Exercise details -
Repeat what the lines below say, word for word, and skip every image.
* * * * * * *
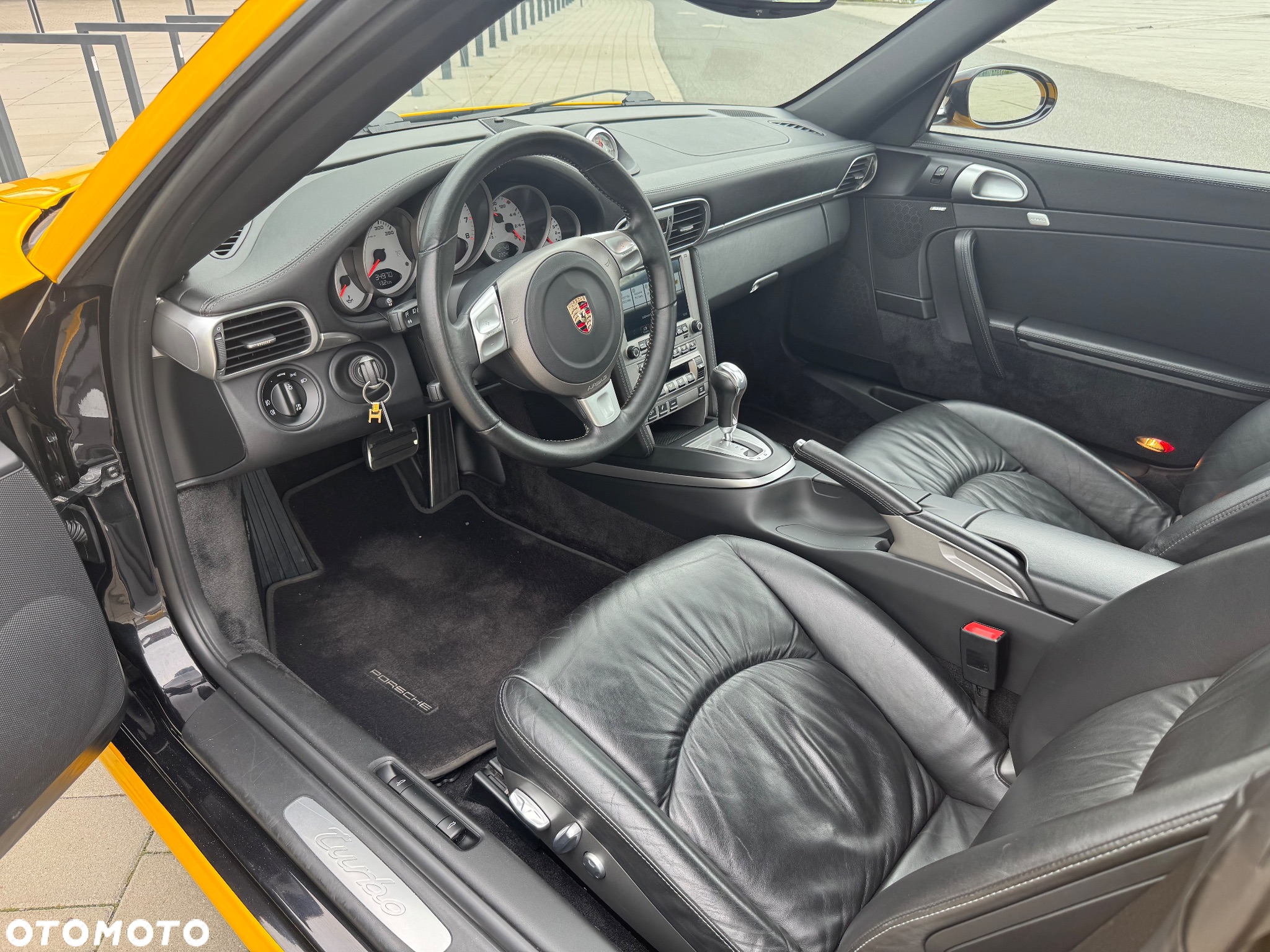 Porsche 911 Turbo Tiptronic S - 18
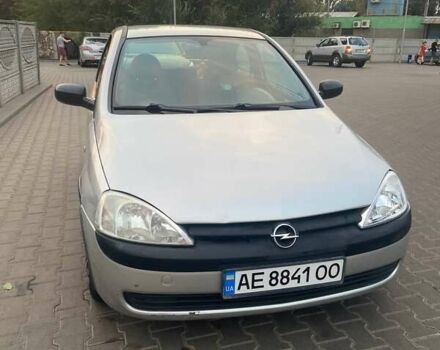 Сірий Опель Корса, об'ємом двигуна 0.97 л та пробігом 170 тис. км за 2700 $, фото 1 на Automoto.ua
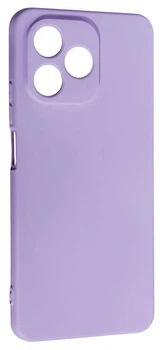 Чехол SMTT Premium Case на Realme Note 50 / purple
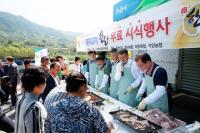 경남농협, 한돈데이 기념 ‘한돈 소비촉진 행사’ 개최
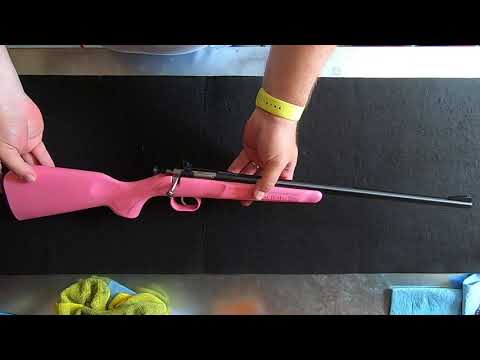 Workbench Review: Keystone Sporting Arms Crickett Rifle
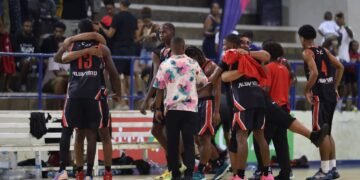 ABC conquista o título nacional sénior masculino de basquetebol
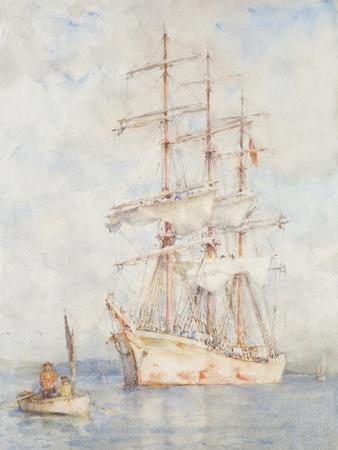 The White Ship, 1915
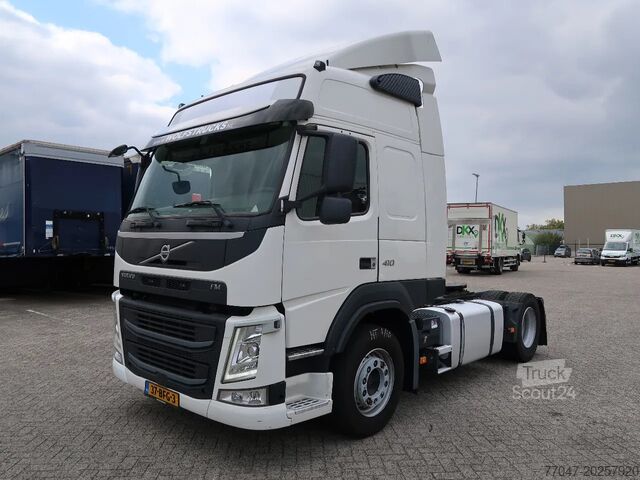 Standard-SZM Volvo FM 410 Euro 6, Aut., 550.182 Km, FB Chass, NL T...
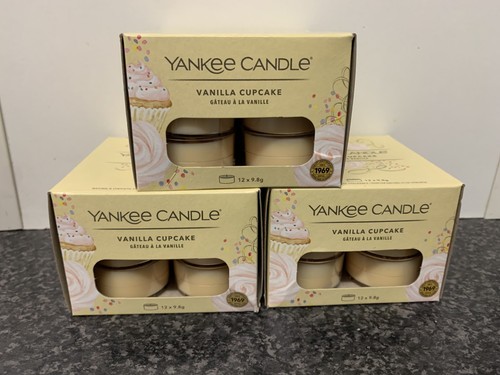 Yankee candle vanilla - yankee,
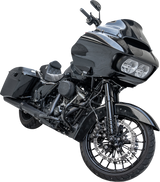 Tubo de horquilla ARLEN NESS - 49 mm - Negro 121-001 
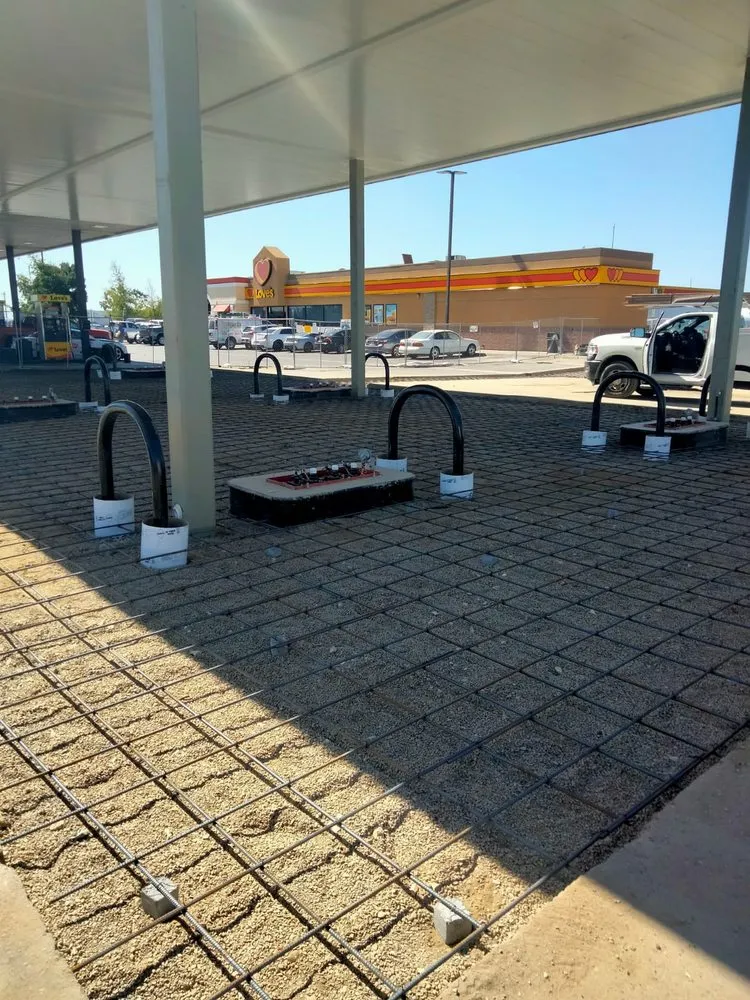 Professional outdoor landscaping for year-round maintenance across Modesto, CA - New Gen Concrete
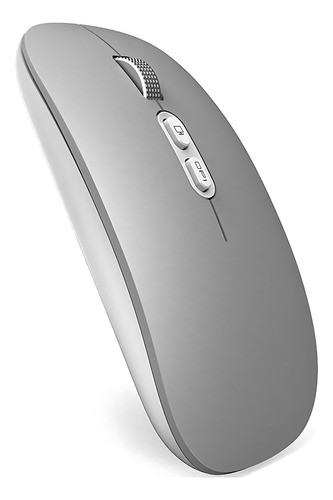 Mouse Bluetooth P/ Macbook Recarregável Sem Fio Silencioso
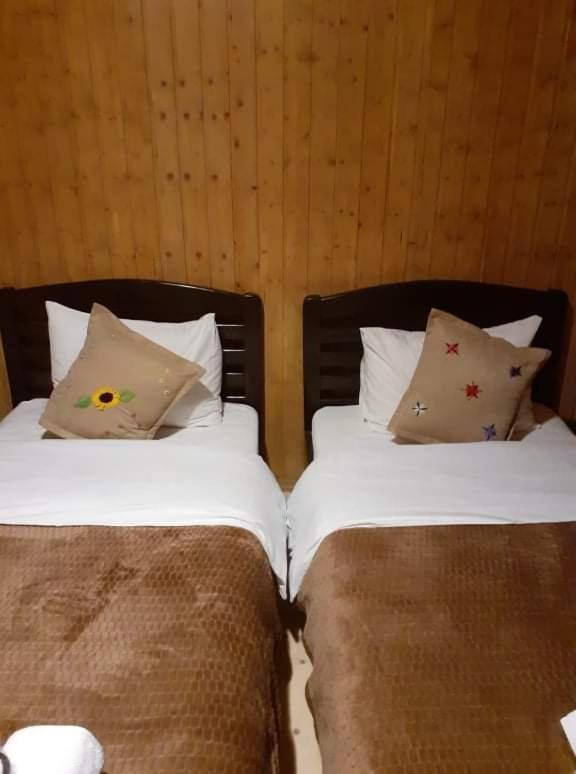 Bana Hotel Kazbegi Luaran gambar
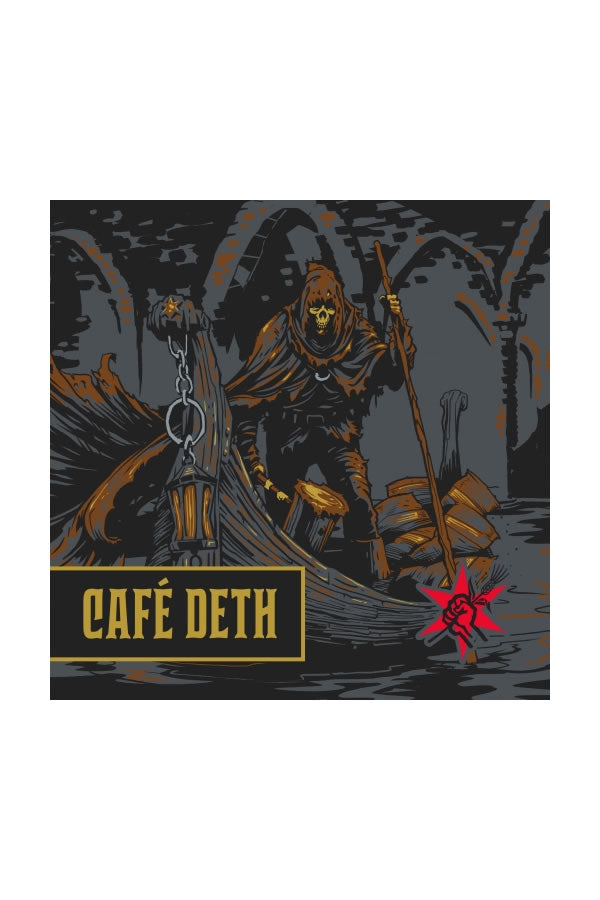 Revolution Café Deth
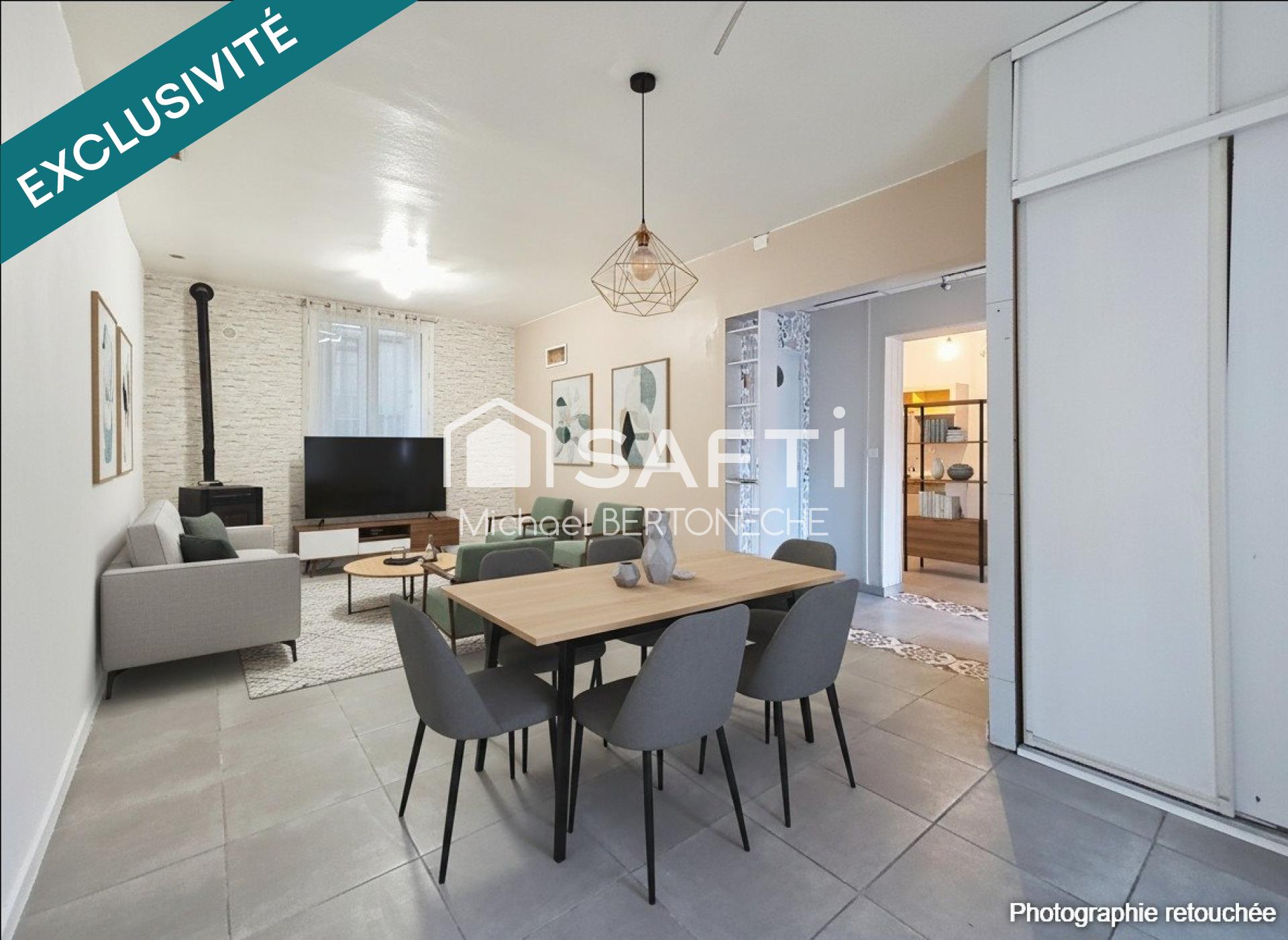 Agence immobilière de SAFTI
* * * * * * *
Answer below -
 Porsche 911 Turbo Tiptronic S - 18
 Сірий Опель Корса, об'ємом двигуна 0.97 л та пробігом 170 тис. км за 2700 $, фото 1 на Automoto.ua
 Чехол SMTT Premium Case на Realme Note 50 / purple
 경남농협, 한돈데이 기념 ‘한돈 소비촉진 행사’ 개최
 Workbench Review: Keystone Sporting Arms Crickett Rifle
 ABC conquista o título nacional sénior masculino de basquetebol
 The White Ship, 1915
 Standard-SZM Volvo FM 410 Euro 6, Aut., 550.182 Km, FB Chass, NL T...
 Yankee candle vanilla - yankee,
 Tubo de horquilla ARLEN NESS - 49 mm - Negro 121-001 
 Professional outdoor landscaping for year-round maintenance across Modesto, CA - New Gen Concrete
 Mouse Bluetooth P/ Macbook Recarregável Sem Fio Silencioso
 Bana Hotel Kazbegi Luaran gambar
 Revolution Café Deth
 Agence immobilière de SAFTI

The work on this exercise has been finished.